We would come to this side of town to eat dinner at night with its gorgeous view of the Mediterranean. 

Our last stop before we headed into the mountains to our next vacation destination was a final meal at our favorite restaurant, the schoolhouse cafe in Anidri Village. The boys brought cards, Josh and I brought our books and we sat for several hours in the sunshine, relaxing, eating and enjoying a lazy lunch. 

Our lunchtime view

Always making friends. This baby was at the table next to us and he loved Carter. The two younger boys followed him all over the grounds while we were waiting for our food. 

Fresh salads with olives and feta (yes, that’s pickled seaweed on top — delicious!)

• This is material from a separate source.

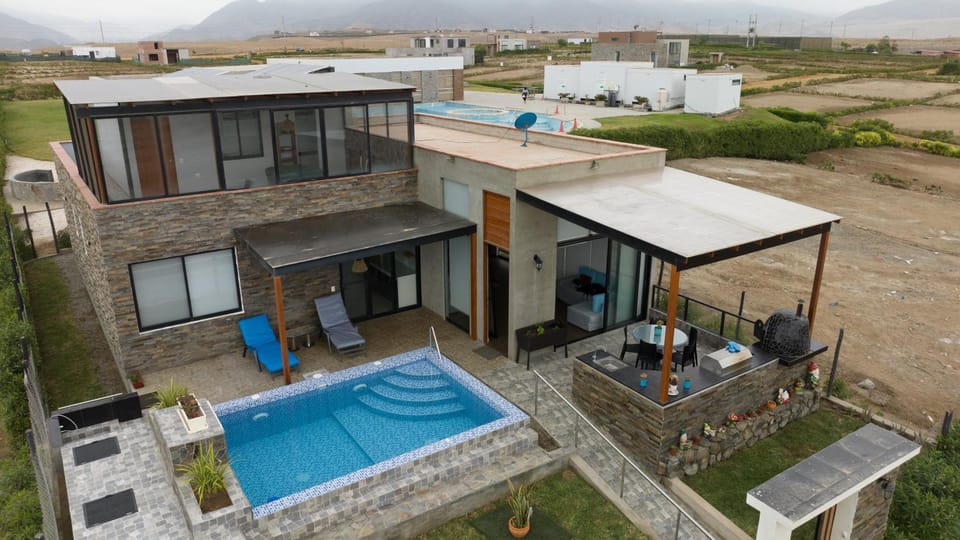 Property building, Patio, Swimming pool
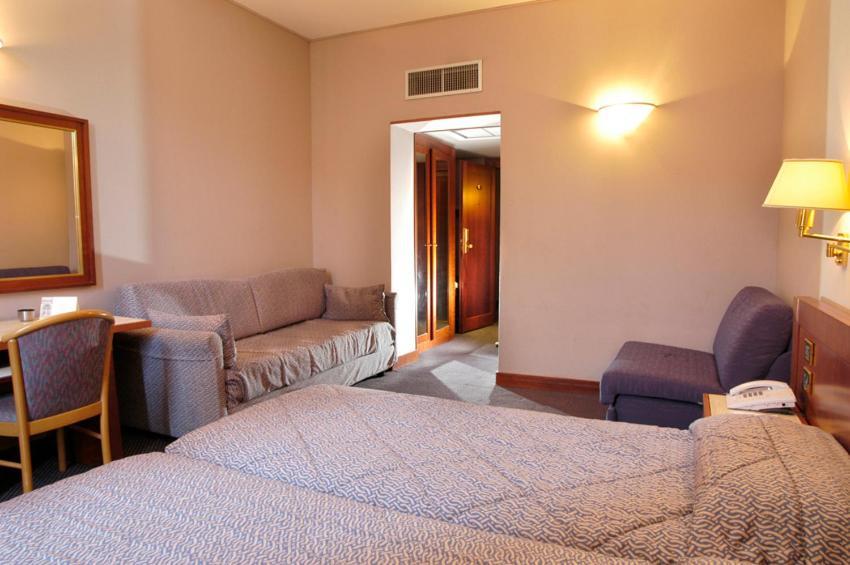 Hotel Accademia Roma Esterno foto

Camille wanted escargot today

and she loved it. Caleb wasn’t a fan. He said it tasted good, but couldn’t get past the texture. No matter, Camille ate it all. 
I can’t remember what else we ate, but I can guarantee that it was excellent. Every meal has been perfection. Every tomato perfectly red, ripe and with the tomatoey sweet/tart/acic balance that sets them apart. I realized I haven’t had a good tomato since moving overseas. Even the beautiful tomatoes that we had in Turkey weren’t nearly as vibrant in taste as the ones we are getting in Crete. Cretan food is now my #2 favorite cuisine after Mexican (guacamole and salsa are hard to beat). 

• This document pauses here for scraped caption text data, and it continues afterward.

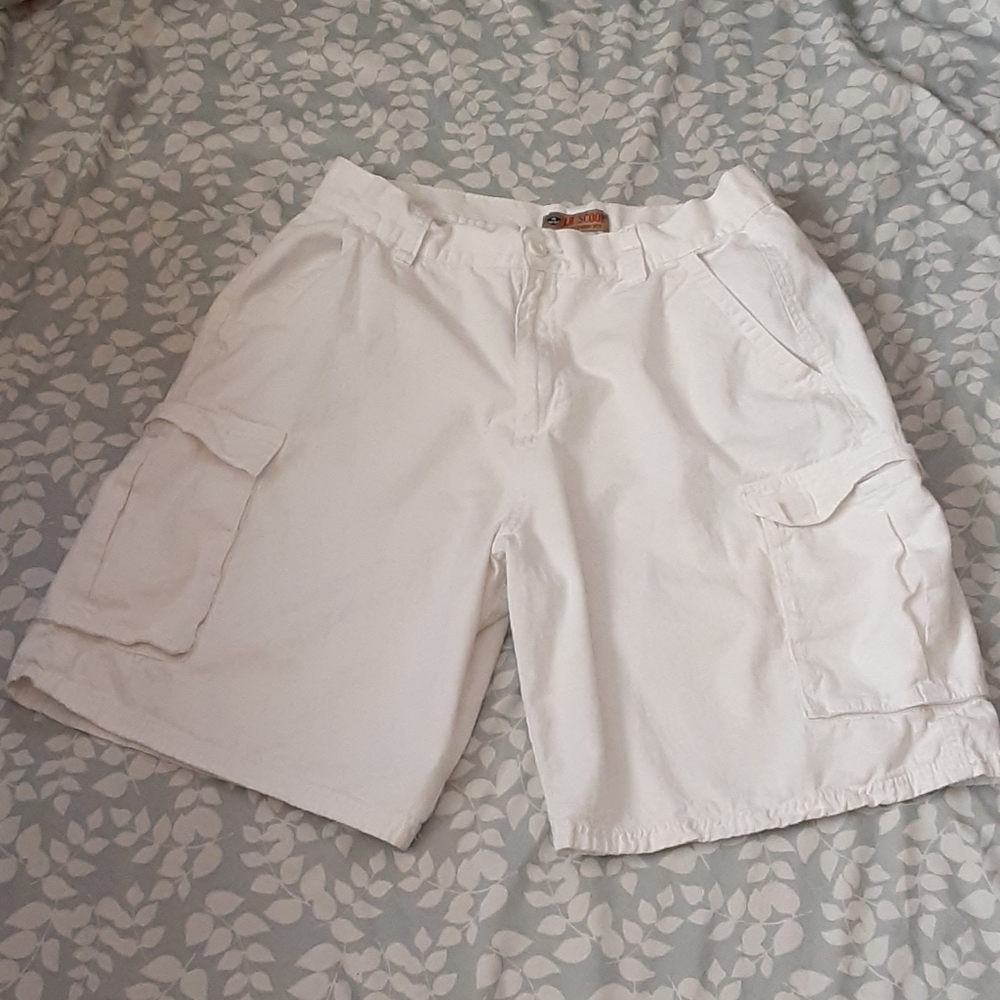 * - LR Scoop modern fit mens shorts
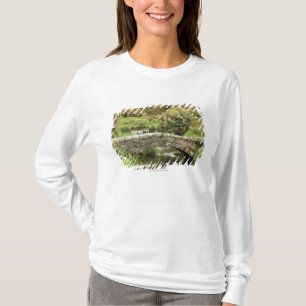 Alte Steinbrücke über einem Strom in Dartmoor Pa T-Shirt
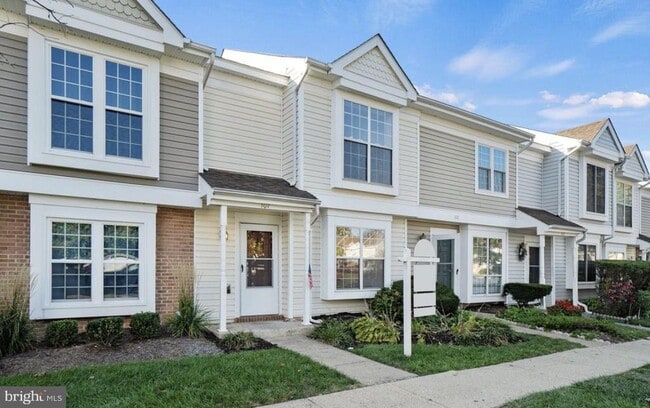 property at 107 St Charles Square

In order to get to Sougia, a remote spot on the southern coast, we had to drive north to get around a set of mountains and then back down to the water’s edge. 

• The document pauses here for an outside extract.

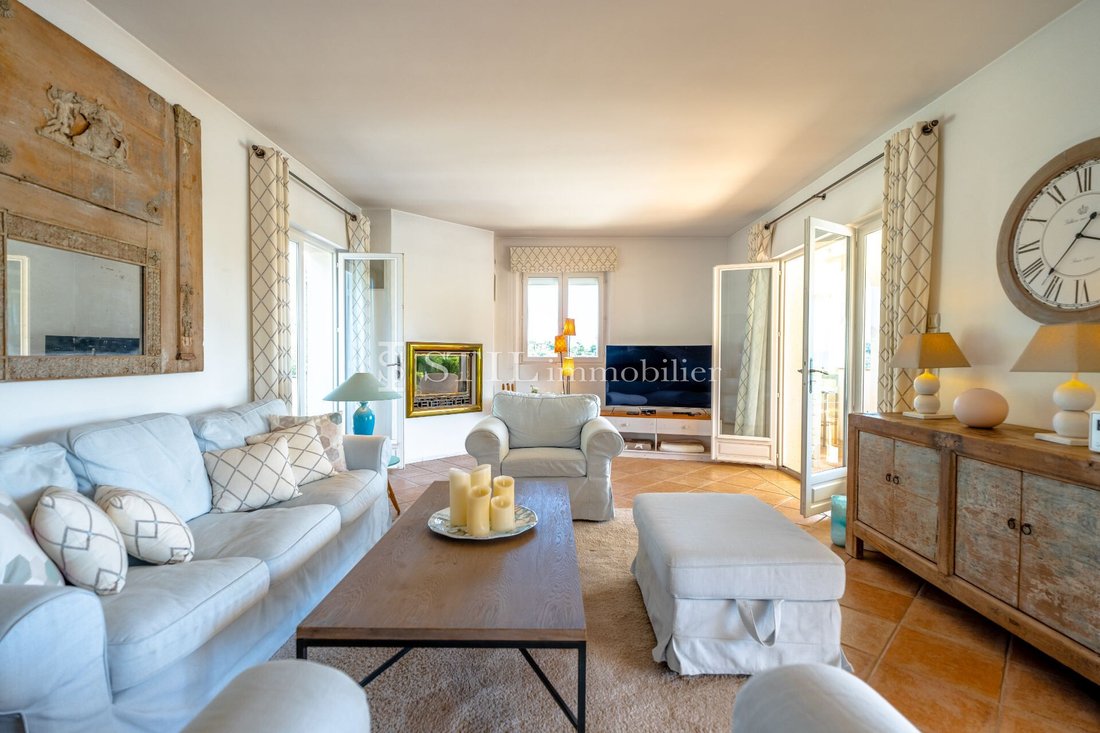 Villa in Ville-Les Saquedes-Le Bouillonnet, Sainte-Maxime, France 4 - 18298424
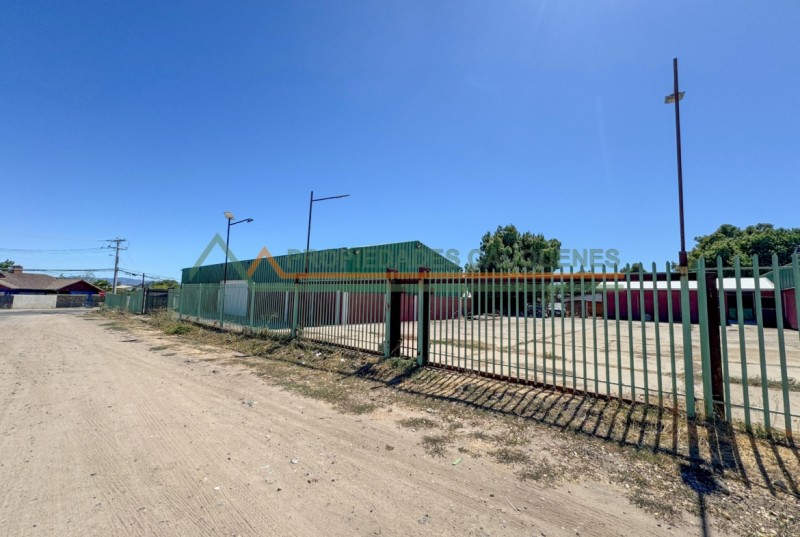Venta O Arriendo / Bodegas en Sector Barrio Estación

More winding roads through the mountains with zero traffic. 

Josh kept teasing me and pretending that we were going to have to drive on roads like this one headed up and to the right. I still hadn’t quite recovered from our harrowing ride to Elafonisi beach. I don’t know who lives on those roads less traveled, but I certainly wouldn’t! 

The winding back and forth put her to sleep. 

Driving through paradise with the breeze in our hair, spotting goats, sheep and dogs snoozing in patches of sunshine along the sides of the road (and sometimes in the road!) Have I mentioned that we spent our drives thinking of career moves that would enable us to move to Crete?

We arrived in our one road town in time to get unpacked, walk down to the beach and explore before dinner. 
He’s reading. A shocking sight. 
A rocky beach made up entirely of rounded stones. Easy on the feet, but lots of slipping and sliding and sinking in as we walked. 

Rock skipping ammunition for days!

The setting sun signaled it was time to find a place to eat dinner.

More great food, steps away from where we were staying. 

Dinner outside on a clear night

We’ve tried the local village wine everywhere we’ve stayed. It’s usually a brownish color rather than red or white. It’s cheap and goes perfectly with all the feta, olives and grilled seafood that we’ve been eating.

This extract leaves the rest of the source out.